Il Personaggio Medea
Medea è forse uno dei personaggi più complessi che il mito ci racconta, estremamente difficile da comprendere. Forse le donne, a maggior ragione se madri, inaspettatamente possono riuscire a comprenderla, per via di quella sorta di scollamento che avviene con la maternità, quando, letteralmente, una parte viva di te si stacca dal tuo corpo e lo abbandona per sempre. Non riesco a concordare, invece, con la versione creata da Christa Wolf, famosa scrittrice tedesca. Secondo Wolf i figli di Medea vengono sacrificati dai cittadini di Corinto per purificare la città da un’epidemia, e Medea, considerata straniera, quindi facile capro espiatorio, viene ingiustamente accusata di averli uccisi.
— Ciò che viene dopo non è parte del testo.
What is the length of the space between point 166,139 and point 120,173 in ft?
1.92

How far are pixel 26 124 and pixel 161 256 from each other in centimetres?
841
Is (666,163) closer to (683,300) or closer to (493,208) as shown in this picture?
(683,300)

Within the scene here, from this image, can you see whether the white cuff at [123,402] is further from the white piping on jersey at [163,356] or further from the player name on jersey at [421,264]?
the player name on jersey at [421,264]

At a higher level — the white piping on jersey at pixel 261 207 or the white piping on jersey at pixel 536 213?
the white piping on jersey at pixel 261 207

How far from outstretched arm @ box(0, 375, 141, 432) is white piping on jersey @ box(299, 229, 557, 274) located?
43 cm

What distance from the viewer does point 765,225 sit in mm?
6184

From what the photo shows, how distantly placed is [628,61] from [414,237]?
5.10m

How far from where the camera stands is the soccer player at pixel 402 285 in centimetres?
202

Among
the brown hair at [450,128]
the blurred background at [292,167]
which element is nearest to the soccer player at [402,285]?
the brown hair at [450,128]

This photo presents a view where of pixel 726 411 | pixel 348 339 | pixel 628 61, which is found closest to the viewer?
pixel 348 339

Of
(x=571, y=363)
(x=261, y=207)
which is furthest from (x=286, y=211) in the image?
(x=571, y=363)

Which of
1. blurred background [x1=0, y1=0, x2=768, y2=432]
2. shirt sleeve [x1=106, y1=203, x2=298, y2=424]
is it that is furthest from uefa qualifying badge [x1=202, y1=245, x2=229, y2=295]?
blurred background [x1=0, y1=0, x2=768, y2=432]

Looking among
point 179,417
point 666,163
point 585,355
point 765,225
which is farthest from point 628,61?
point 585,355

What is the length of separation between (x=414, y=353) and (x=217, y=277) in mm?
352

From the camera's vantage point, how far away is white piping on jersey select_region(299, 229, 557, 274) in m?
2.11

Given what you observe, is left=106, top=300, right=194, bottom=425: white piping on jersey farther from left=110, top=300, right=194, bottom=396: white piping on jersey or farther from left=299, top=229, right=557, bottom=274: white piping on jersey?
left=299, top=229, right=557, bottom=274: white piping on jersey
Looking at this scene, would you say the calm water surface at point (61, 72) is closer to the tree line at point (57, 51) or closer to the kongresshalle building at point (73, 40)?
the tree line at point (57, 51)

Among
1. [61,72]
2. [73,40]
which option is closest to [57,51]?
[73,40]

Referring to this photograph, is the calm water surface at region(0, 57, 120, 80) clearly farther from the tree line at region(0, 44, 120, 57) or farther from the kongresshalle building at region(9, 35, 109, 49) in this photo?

La versione di Christa Wolf, francamente, mi sembra fuorviante proprio perché, nel tentativo di rendere giustizia a Medea, la trasforma in vittima e in donna debole. La bellezza del personaggio Medea, invece, risiede proprio nella sua forza e nel suo rifiuto di diventare vittima. Oltre che in quel fascino che deriva dalla sua ambiguità morale vagamente bipolare, e da quel suo attaccamento alle forze cosmiche ancestrali, quasi fosse, lei stessa, la personificazione della Natura. Una Natura spesso crudele, costretta a sacrificare i propri figli affinché altri possano vivere, morire, rivivere.
NUNC MEDEA SUM: Medea e Veronica
Passando rapidamente dal mito alla realtà, nel corso degli anni non ho mai trovato fra le pur numerose donne, italiane o straniere, condannate per omicidio di un figlio, una che potesse essere definita Medea. Finché non ho visto la siciliana Veronica Panarello, condannata per l’omicidio del figlio Lorys Stival, bambino di otto anni, morto per strangolamento tramite fascette da elettricista.
Perché Veronica merita l’appellativo di Medea? Per vari motivi. Veronica si è sempre dichiarata innocente e l’ipotesi dell’autostrangolamento con le fascette compiuto da Lorys in una sorta di gioco terribile sembra verosimile e non contraddetta da prove, ma non è questo a renderla Medea.
Sindrome di Medea
Che sia davvero stata l’autrice dell’assassinio del figlio oppure no, di sicuro è stata abbandonata a se stessa dagli uomini della sua famiglia molto prima della morte di Lorys. In seguito alla tragedia, consegnata dai familiari, con un’acredine quasi sadica, a una stampa e a una società che amano scagliarsi contro i deboli, soprattutto quando i deboli sono donne.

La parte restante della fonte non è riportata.